A verbatim transcript of the data below is required, images omitted.

# [DATA BLOCK]
↓
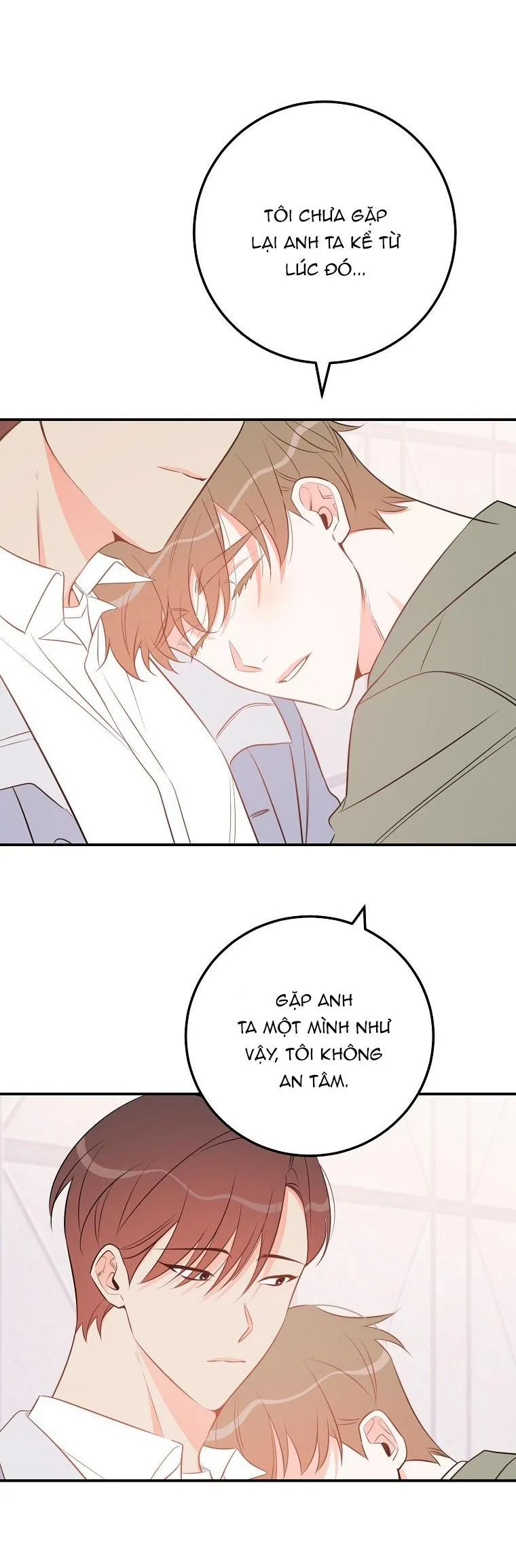 Có Chuyện Gì Xảy Ra với Sự Nổi Tiếng Của Tôi Thế? Chapter 68 Trang 17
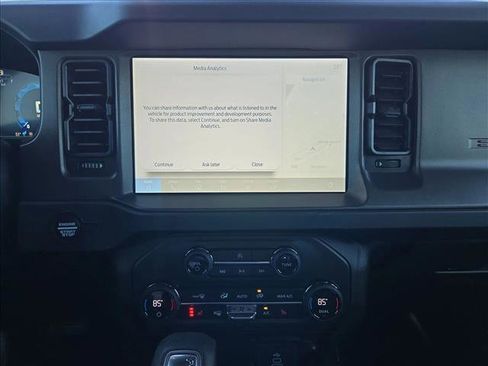 New 2026 Ford Bronco Big Bend image 12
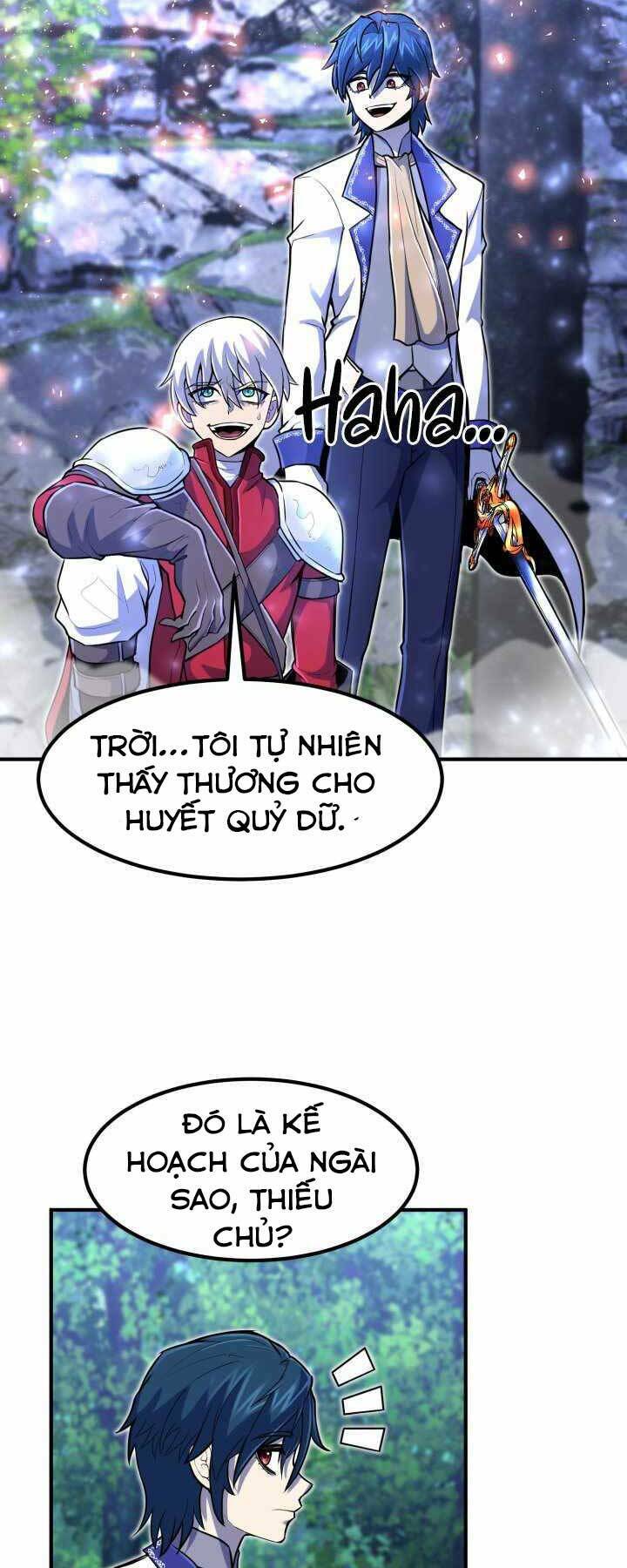 Bản Chất Của Chuyển Sinh Chapter 18 - Trang 2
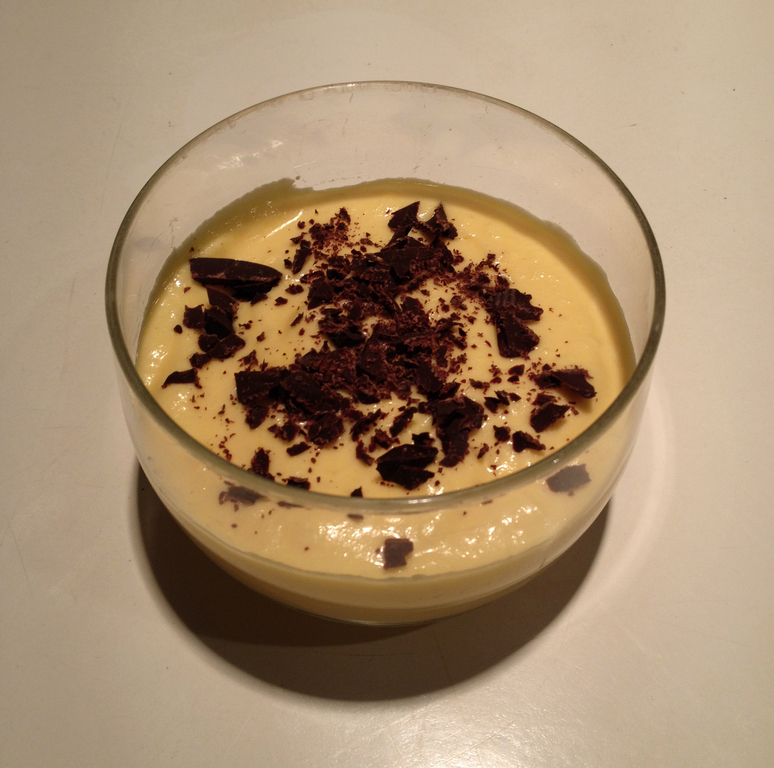 Dolce di mascarpone of Alessandra Alvisi - Recipefy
↑
# [ANSWER SPACE]
 Có Chuyện Gì Xảy Ra với Sự Nổi Tiếng Của Tôi Thế? Chapter 68 Trang 17
 New 2026 Ford Bronco Big Bend image 12
 Bản Chất Của Chuyển Sinh Chapter 18 - Trang 2
 Dolce di mascarpone of Alessandra Alvisi - Recipefy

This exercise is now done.